PROBLEM TO WORK ON
For the data below, transcribe the part that opens with the line containing "If you like" and closes with the line containing "Type in your", exactly and with no pictures.

DATA PROVIDED
=====
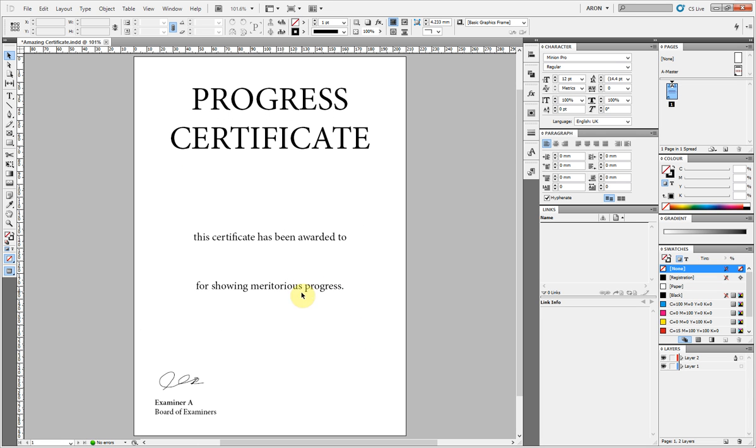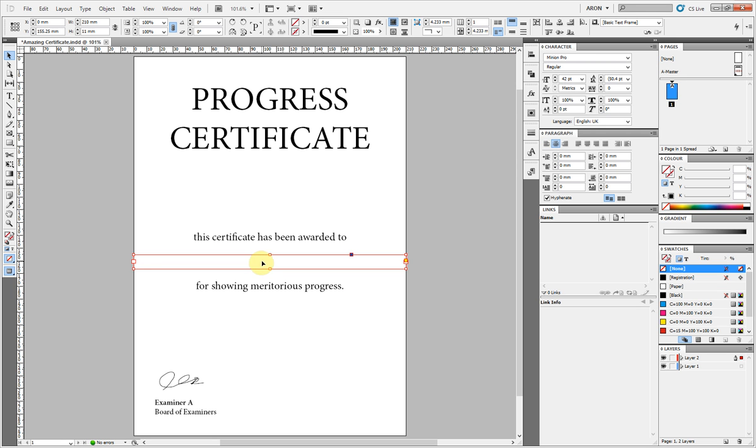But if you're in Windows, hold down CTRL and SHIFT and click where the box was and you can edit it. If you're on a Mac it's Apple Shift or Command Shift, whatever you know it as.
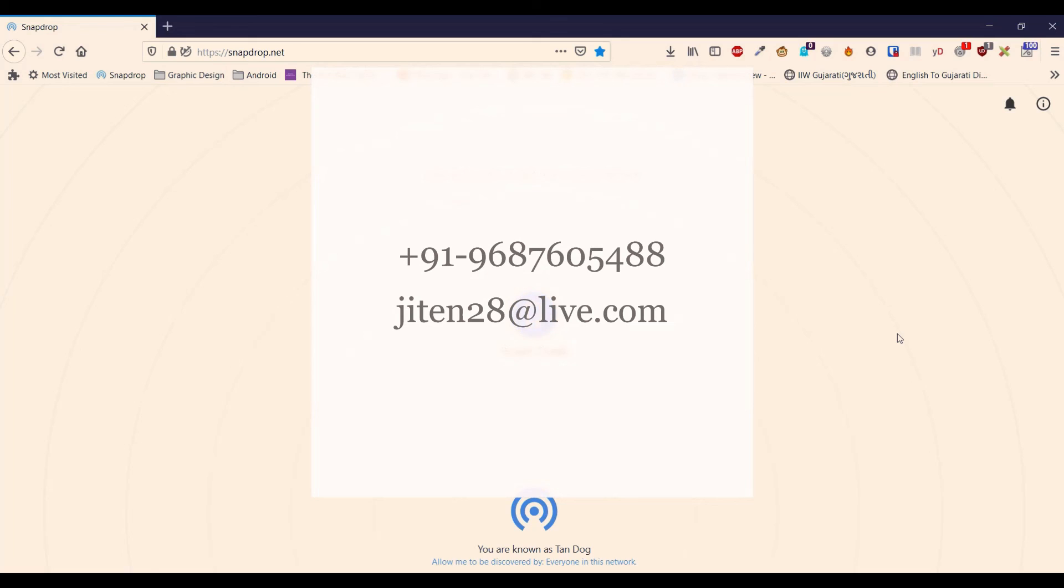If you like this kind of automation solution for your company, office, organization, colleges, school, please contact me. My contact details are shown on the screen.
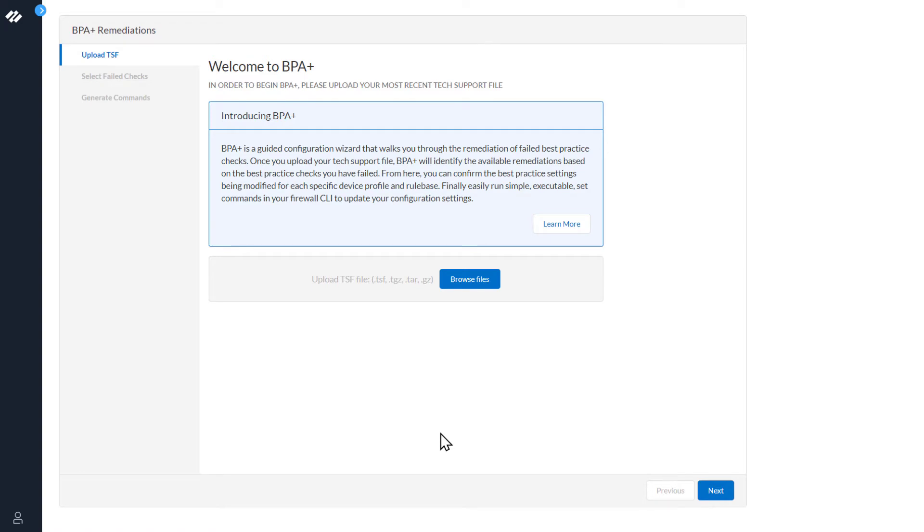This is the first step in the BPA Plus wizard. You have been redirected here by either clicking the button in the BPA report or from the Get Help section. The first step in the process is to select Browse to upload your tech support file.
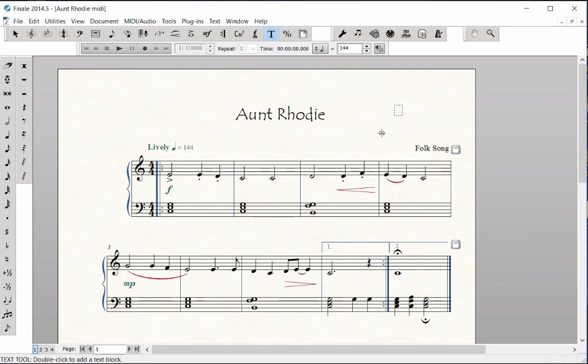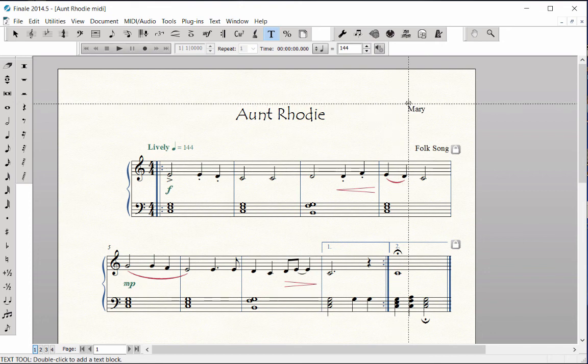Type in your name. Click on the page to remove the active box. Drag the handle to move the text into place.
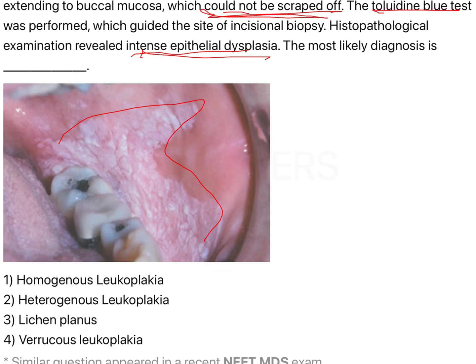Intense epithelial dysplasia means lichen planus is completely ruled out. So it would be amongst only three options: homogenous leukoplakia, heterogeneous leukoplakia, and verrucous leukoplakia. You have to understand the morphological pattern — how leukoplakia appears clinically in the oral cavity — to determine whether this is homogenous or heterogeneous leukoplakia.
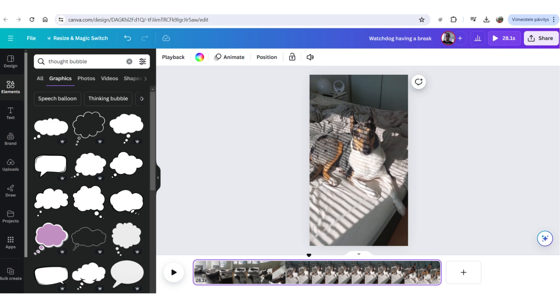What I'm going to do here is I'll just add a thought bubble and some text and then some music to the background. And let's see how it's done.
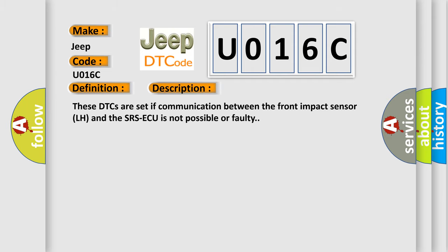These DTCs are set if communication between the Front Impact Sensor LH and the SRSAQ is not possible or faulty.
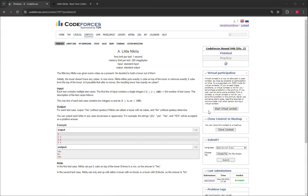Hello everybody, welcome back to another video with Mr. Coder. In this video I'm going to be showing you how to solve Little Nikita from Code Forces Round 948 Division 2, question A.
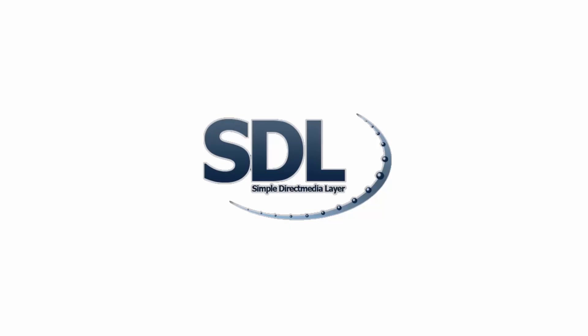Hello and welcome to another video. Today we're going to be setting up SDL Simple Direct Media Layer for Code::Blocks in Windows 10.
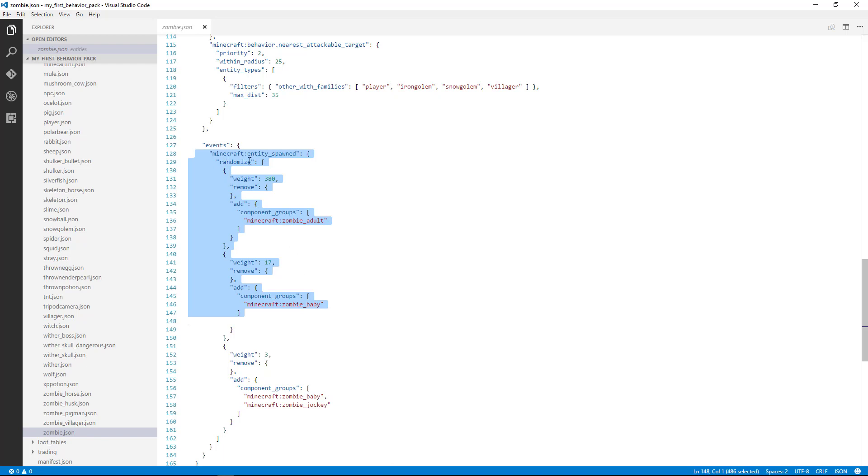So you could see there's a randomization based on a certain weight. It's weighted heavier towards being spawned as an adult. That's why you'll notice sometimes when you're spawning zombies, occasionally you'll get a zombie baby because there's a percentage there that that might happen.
=====
OUTPUT
If you like this kind of automation solution for your company, office, organization, colleges, school, please contact me. My contact details are shown on the screen.
This is the first step in the BPA Plus wizard. You have been redirected here by either clicking the button in the BPA report or from the Get Help section. The first step in the process is to select Browse to upload your tech support file.
Type in your name. Click on the page to remove the active box. Drag the handle to move the text into place.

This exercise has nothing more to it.